Saturday, February 14, 2015


Acoustat vs Sub Impulse Response
Above is the graph made by Tact when I was time aligning an Acoustat panel with an SVS sub.

Notably they both initially seem to respond out-of-polarity initially, and the sub for a longer period.  But taken as a whole, the impulse has correct polarity in both cases.  I have in other ways verified that the Acoustat polarity is correct, such as with an old "SoftPolarityTest" signal, which I can view on Android oscilloscope.  The sum total of an audio signal is correct, but a tiny leading transient (exaggerated in the Tact HF measurement shown above) is out-of-polarity.

Today I added one more verification, using the Android PolarityChecker app.  I copied the mp3 files from the phone storage (where the App puts them) onto my Mac, and then updated my Sonos libraries. Then I was playing the polarity test in living room and bedroom.  Both systems show correct polarity, and the Acoustats individually.  This is clearest full range, where I get the green signal more than 4 times out of 5.  With the 4kHz test, about 1/3 of the time it shows incorrect polarity.  I believe this is because, as the plot above suggests, there is significant phase shift, sufficient to cause an effective out-of-polarity initial transient at the higher frequencies, or at least look that way to a test comparator a significant fraction of the time.  The acoustic transient response shown above suggests serious phase shift above 10kHz, perhaps as low as 3kHz.  But this is also where audibility of phase shift is lowest.
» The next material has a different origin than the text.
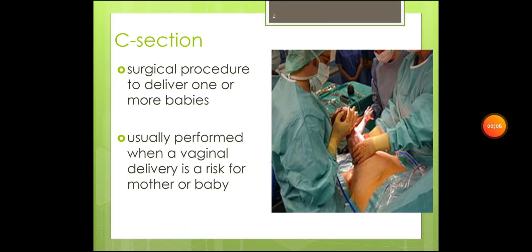Hello everyone, today we'll be talking about cesarean section. Cesarean section, which is commonly known as C-section, refers to a surgical procedure that is done to deliver one or more babies. It's usually performed when a vaginal delivery is a risk for the mother or the baby.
Likewise the sub has phase shift in it's initial response due to roll off above 300 Hz in the speaker itself, and 80 Hz in the very steep crossover.  That could explain it's long initial out-of-polarity component.

My guess for now is that the Tact image is roughly correct.  But it has also occurred to me that the picture shown might be of the Tact transient itself, which might have a significant leading out-of-polarity component.  That was why I wanted to resurrect my old LAUD 3 measurement tool, which computes a very clean transient response (from a MLS signal).  But so far that effort has been hampered by the old computer with ISA bus that it requires for the vintage DSP card from Turtle Beach.  Some time ago the Fiji card was removed, perhaps it had issues.  I tried installing a spare Pinnacle card, but the floppy drive wasn't reading the drivers.  I later found I had disabled the floppy drive because it was stuck and preventing the ATX power supply from ever turning off.  So it needs a new floppy, or I could burn the drivers to a CDROM, which I may do soon.